I would go for chess. The age when you start playing chess seriously seems to
have a big effect on how strong you can get. If you want to reach world class
strength, it seems you have to start when you are 8 or under. Wait until you
are 10 or so, and your potential seems limited to strong GM. Wait until mid
teens, and strong IM seems all you can shoot for. Later than that, and maybe
you will be able to make national master with a hell of a lot of work. (I may
have the ages wrong here...I'm going for weak memory)

This doesn't appear to be just one of those 10000 hours types of thing. If it
were just that, the early starts would not reach higher peaks--they would just
reach the peaks while younger. It seems that age of starting sets your upper
limit, and THEN it is a 10000 hours type of thing to reach that limit.

A foreign language would be tempting, but adults can already learn foreign
languages effectively. Yes, young enough children become bilingual
effortlessly, but that is if they are largely immersed in the second language
for years. Arranging to be immersed in a second language for years would be
hard.

------
mh_yam
I have perfect pitch and I find it to be generally enjoyable.

It's useful, to some degree, in a musical setting; I find it very easy to hear
music and reproduce it immediately (including chord/key analysis, etc). It's
fun to take random songs I hear during my day and go about dissecting them.
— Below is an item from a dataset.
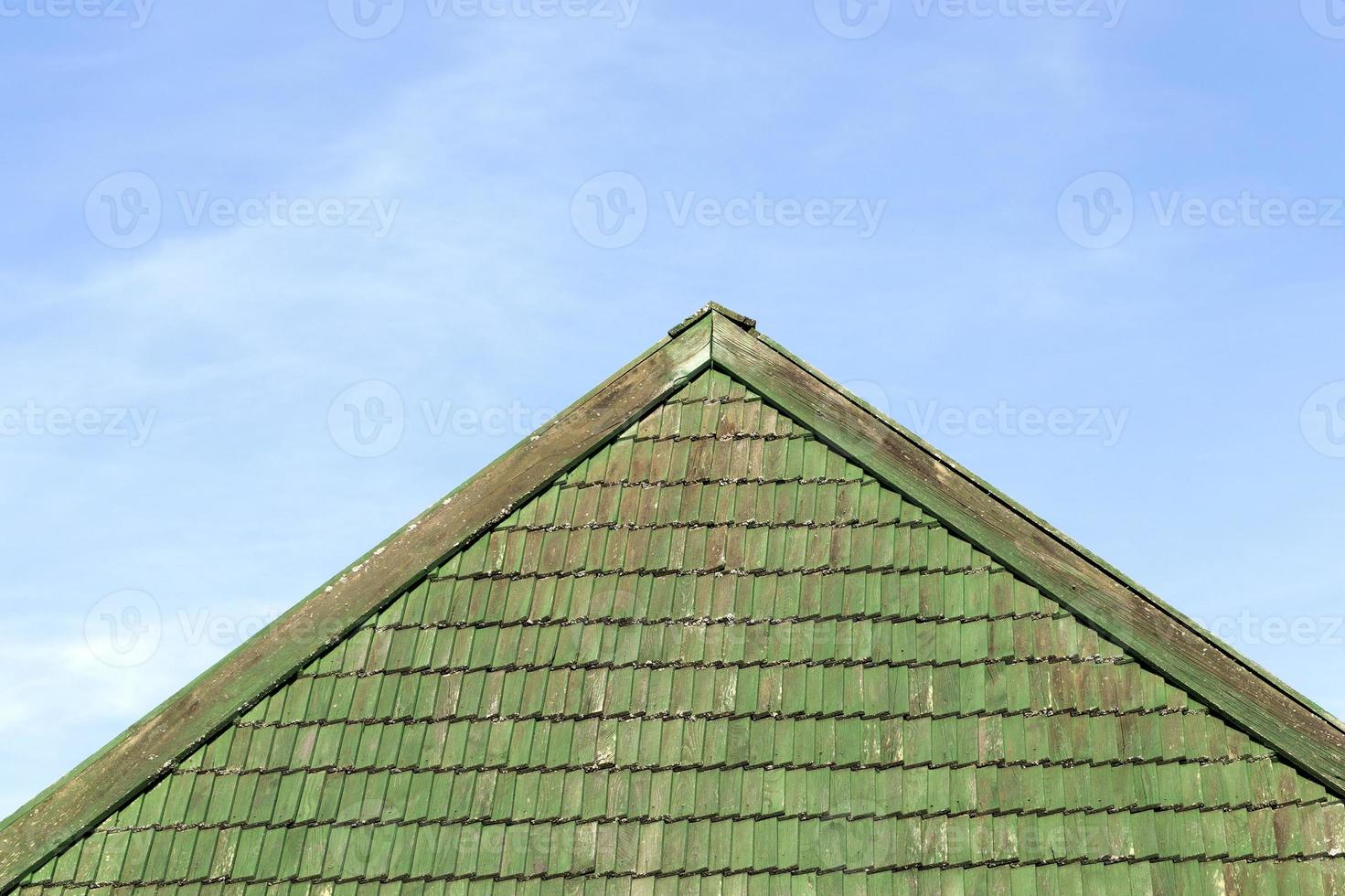 telhado de madeira tradicional foto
However it has its pain points. I waste time analyzing useless things like the
hum of the refrigerator or the sound of water dripping because everything
sounds like a musical note. Also, I can't stand people / instruments that are
not in tune. This includes professional pop artists / singers -- a lot of them
sound awfully off key to me, even though in reality they probably are within a
tolerance level. Ditto going to karaoke with friends who cannot sing. It
destroys my ears and gives me headaches.

------
dizzystar
I read a quote from Joseph Hoffman about perfect pitch. I can't recall the
exact quote, but it was a Q&A in his book on piano playing. It went a bit like
this:

Q: Is it necessary for a musician to have perfect pitch?

A: No. I don't think I have perfect pitch, but my father did. It appears to be
a double-edged sword. He couldn't recognize a Mozart tune if it was played in
a different key.

(I recall the part about how he "thought" he had perfect pitch in particular
because I found it odd that he didn't even know, despite his incredible talent

For those not aware, Rachmaninoff dedicated his 3rd concerto to Hoffman,
though Hoffman never played it.)

------
microcolonel
Don't need to look far to find claims of some fairly serious side effects of
the drug in many contexts, but it's interesting to hear that it's possible to
tamper with neuroplasticity artificially.

------
wavesounds
I'd really love to have perfect pitch but I always thought it was genetic
until just a few months ago. Does anyone know any adults who were able to
teach themselves perfect pitch, without the aid of mind altering chemicals,
and if so how'd they do it?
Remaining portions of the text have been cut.